„Petitionen unterschreiben. Machen. Kultur darf nicht still werden“ Zuzana Cuker, Schauspielerin_Wien 21.11.2020

Liebe Zuzana, wie sieht jetzt Dein Tagesablauf aus?

Ich nehme mir zurzeit viel Zeit für mich. Einen wirklichen Ablauf hab ich nicht, ich versuche zurzeit viel zu lesen, mich selbst zu finden, neue Sachen zu lernen, Sport zu machen, zu meditieren.

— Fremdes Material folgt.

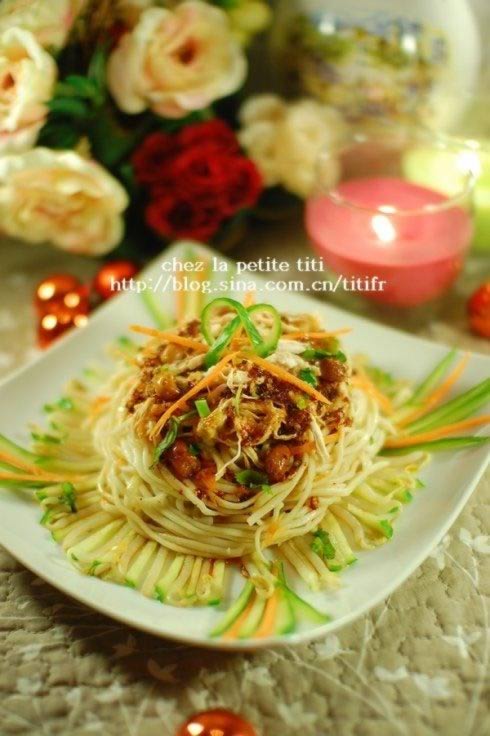 ���ļ�˿���������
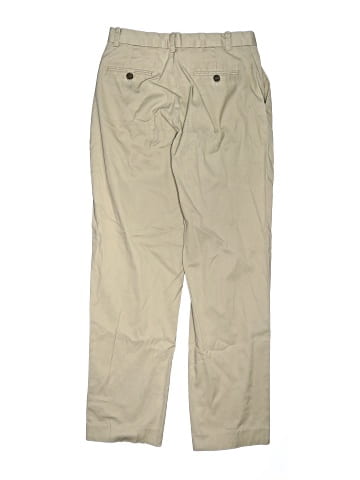 Tommy Hilfiger Khakis (view 2)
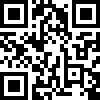 https://imereport.ir/xktm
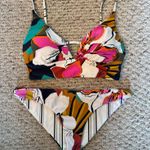 Billabong  Bikini Set  Photo 0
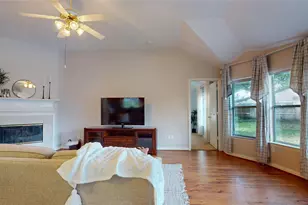 18306 Farriswood Ct, Cypress, TX 77433 - Photo 13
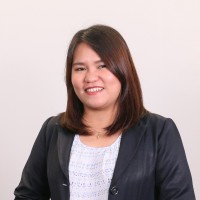 Karren Ramos - Padilla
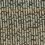Tejido Zemu Osborne and Little Cream/Spice F8049-01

Einfach jeden Tag aufzustehen, da zu sein und mich selbst mehr zu spüren.

Jedoch nehme ich mir jeden Tag eine kleine Sache vor, die ich erledige.

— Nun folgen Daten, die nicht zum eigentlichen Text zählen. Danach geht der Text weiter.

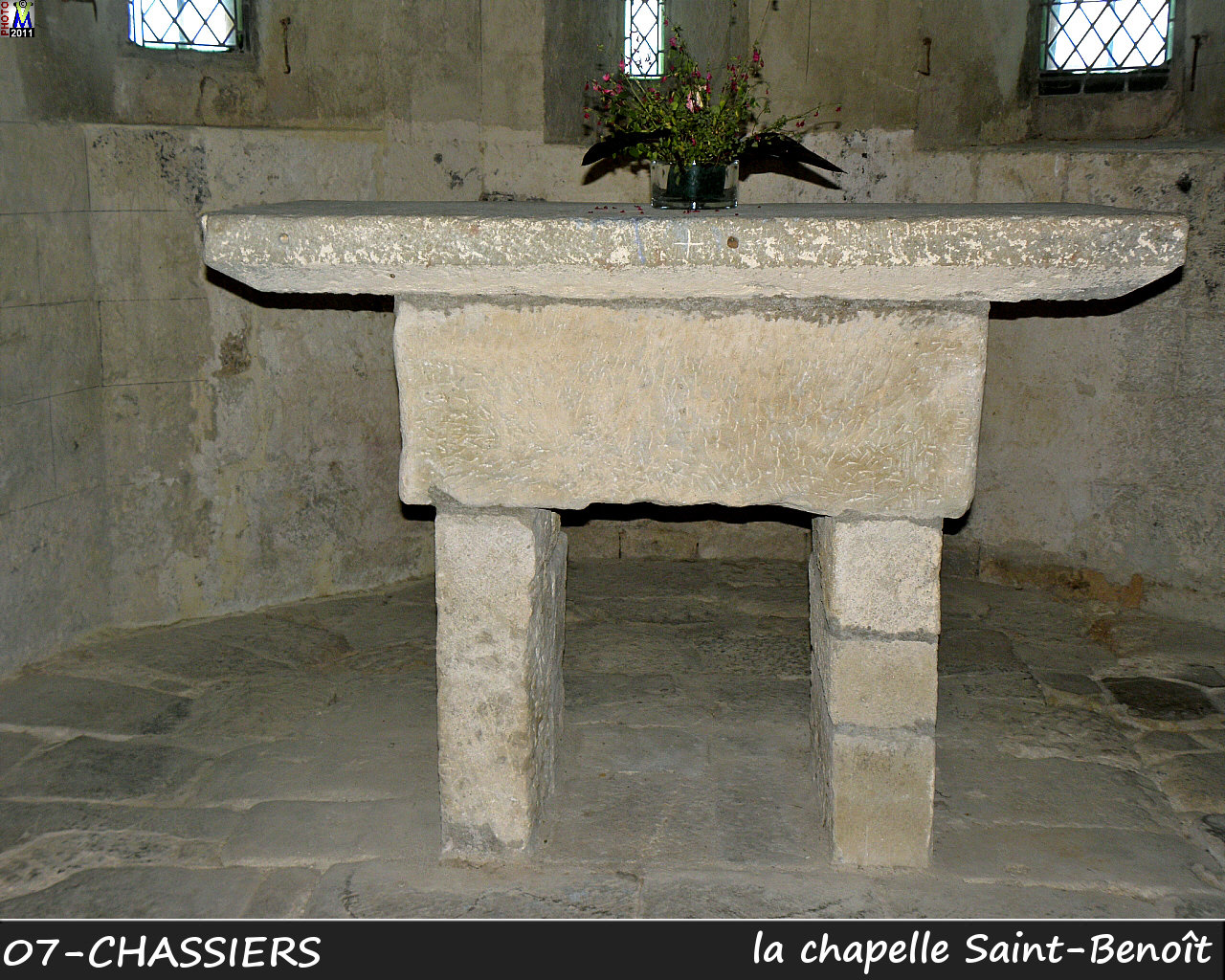 07CHASSIERS_chapelle_210.jpg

Im Gegensatz zum Sommer, in dem ich so eingedeckt mit einer Produktion war, nehme ich mir jetzt auch heraus ein bisschen Urlaub mit mir selbst zu machen und eigene Projekte, die mir am Herzen liegen, anzugehen. Ganz ohne Druck.

Zuzana Cuker, Schauspielerin

Was ist jetzt für uns alle besonders wichtig?

Nicht aufzugeben. Es war vorher schon schwer, als freischaffende Künstlerin.

Durch die aktuelle Situation ist es derzeit noch um einiges schwieriger. Gerade wenn man nicht an einem der staatlichen Theater arbeitet. Es ist besonders schwierig, weil Off-Produktionen und kleine Theater einfach nicht das notwendige Budget haben, um solch eine Krise zu überstehen. Mir wurden viele Jobs abgesagt. Ich glaube zurzeit geht es allen so. Wir müssen uns gegenseitig unterstützen und Solidarität zeigen. Petitionen unterschreiben. Machen. Kultur darf nicht still werden.

Vor einem Aufbruch und Neubeginn werden wir jetzt alle gesellschaftlich und persönlich stehen. Was wird dabei wesentlich sein und welche Rolle kommt dabei dem Schauspiel, der Kunst an sich zu?

Was mich besonders ärgert, und schon immer geärgert hat, ist, das der Bereich Bühne oft als Hobby abgestempelt wird, und auch wurde. Ich finde Theater hat einen Bildungsauftrag. Ich bin mit Theater aufgewachsen, und es hat stark mein kritisches Denken und meine emotionale Intelligenz geprägt. Den Umgang mit Situationen, meine Wahrnehmung. Sich in die Welt einer anderen Figur zu versetzen, prägt die Empathie. Ich glaube wir stehen vor einer sehr schwierigen Zeit in der der Kapitalismus die Kunst niederschmettert. Mich persönlich beschäftigt das sehr.

In meiner Sommerproduktion spielten wir immersives, interaktives Theater mit MNS . Im Jahr 1914. Anfangs dachte ich das wäre ein schlechter Scherz. Aber ich fand das war eine Interessante Herausforderung und hat dann irgendwo auch total gepasst.

Wir hatten einen Corona- Beauftragten Arzt,  ein ausgearbeitetes Hygienekonzept, und es hat funktioniert.

Was liest Du derzeit?

Stefanie Sargnagels Buch „Dicht“ .

Welches Zitat, welchen Textimpuls möchtest Du uns mitgeben?

„Das war eben, aber das hier ist jetzt, und dann ist dieses Jetzt vorbei, und es ist ein neues Jetzt.“

(Siri Hustvedt, „Was ich liebte“)

Vielen Dank für das Interview liebe Zuzana, viel Freude und Erfolg für Deine großartigen Schauspielprojekte wie persönlich in diesen Tagen alles Gute!

5 Fragen an KünstlerInnen:

Zuzana Cuker, Schauspielerin

Foto_Raoul Bruck

21.11.2020_Interview_Walter Pobaschnig. Das Interview wurde online geführt.